The World Health Organization defines an adverse drug reaction as “a response to a drug which is noxious and unintended, and which occurs at doses normally used in man for the prophylaxis, diagnosis, or therapy of disease, or for the modification of physiological function.” A “serious adverse reaction” is one that is fatal, incapacitating, or can result in or prolong hospitalization. Anxiety disorder caused by phenytoin toxicity is a rare or under-recognized occurrence. However, it can be debilitating for the patient and may require extended hospitalization. Therefore, when patients present with anxiety symptoms, the possibility of phenytoin toxicity should be considered and evaluated when the patient has a history of phenytoin intake.

CONCLUSION

This case illustrates the potential for phenytoin toxicity to manifest as neuropsychiatric disorders, including anxiety disorders. While the patient presented with a complex clinical picture, including a history of traumatic brain injury and recent family conflict, the temporal relationship between phenytoin administration, elevated serum phenytoin levels, and the subsequent improvement following drug discontinuation strongly suggests a causal link between phenytoin toxicity and his symptoms.

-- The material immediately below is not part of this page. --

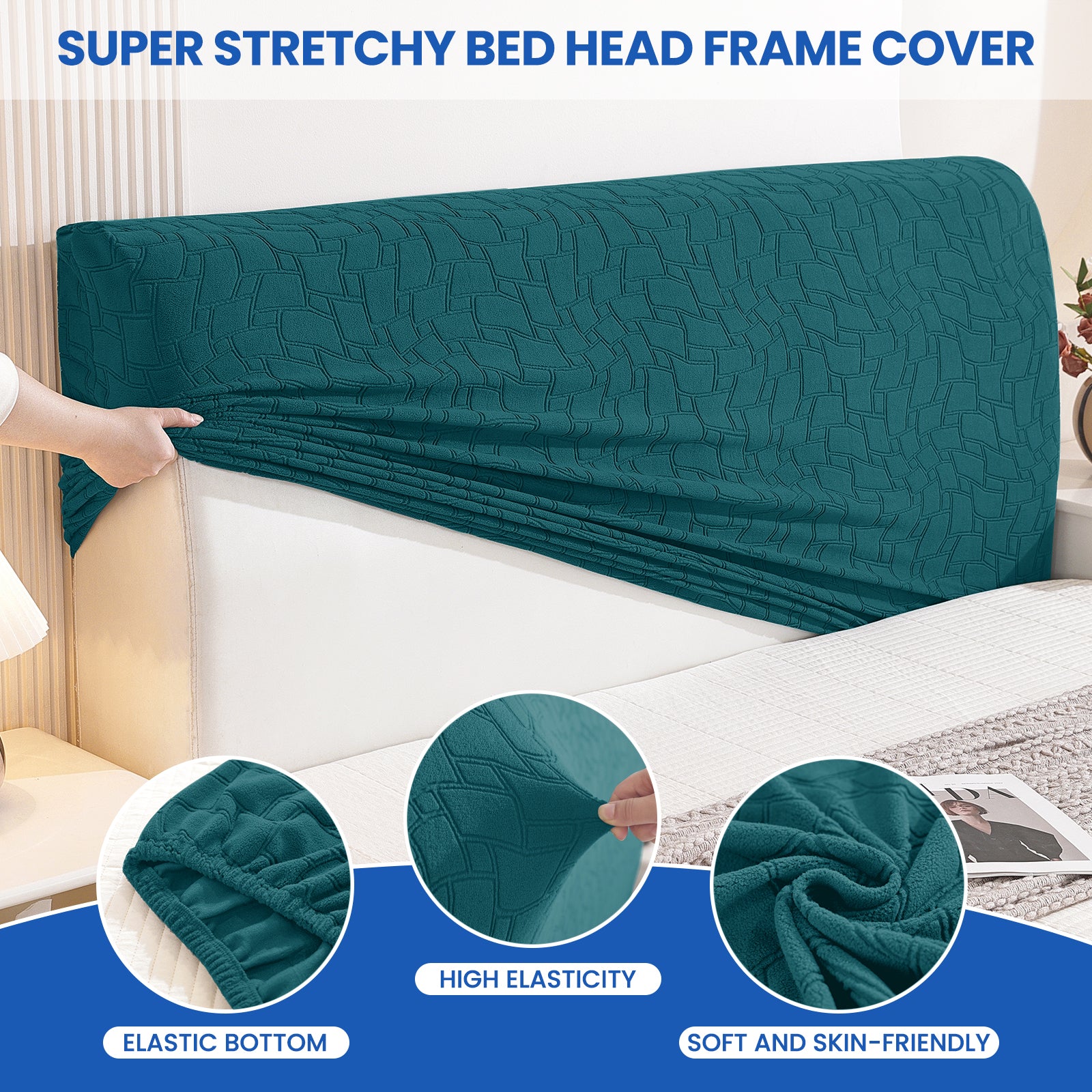 YSTYLE Universal Elastic 180cm Headboard Cover Dustproof Washable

Furthermore, the improvement observed with methylcobalamin and folic acid supplementation suggests a possible contribution of phenytoin-related vitamin B12 and folate deficiency to the patient’s symptoms. This is consistent with the established association between phenytoin treatment and reduced levels of these vitamins and the role of vitamin B12 deficiency in the development of various psychiatric disorders, including anxiety disorders. Thus, suggesting that physicians must keep in mind regarding the adverse effects of medications and the potential of phenytoin to cause neuropsychiatric symptoms at an elevated dose. A patient presenting with neuropsychiatric symptoms such as anxiety, dizziness, and palpitations must be assessed clinically with appropriate neurological examination techniques and tools to rule out any organic pathology and possible adverse effects related to any medication.

In conclusion, this case emphasizes the importance of considering phenytoin toxicity as a differential diagnosis of patients presenting with new-onset anxiety symptoms, even in the absence of classic neurological signs, particularly when there is a history of phenytoin use. Monitoring serum phenytoin levels and considering potential vitamin deficiencies are crucial in the management of such patients.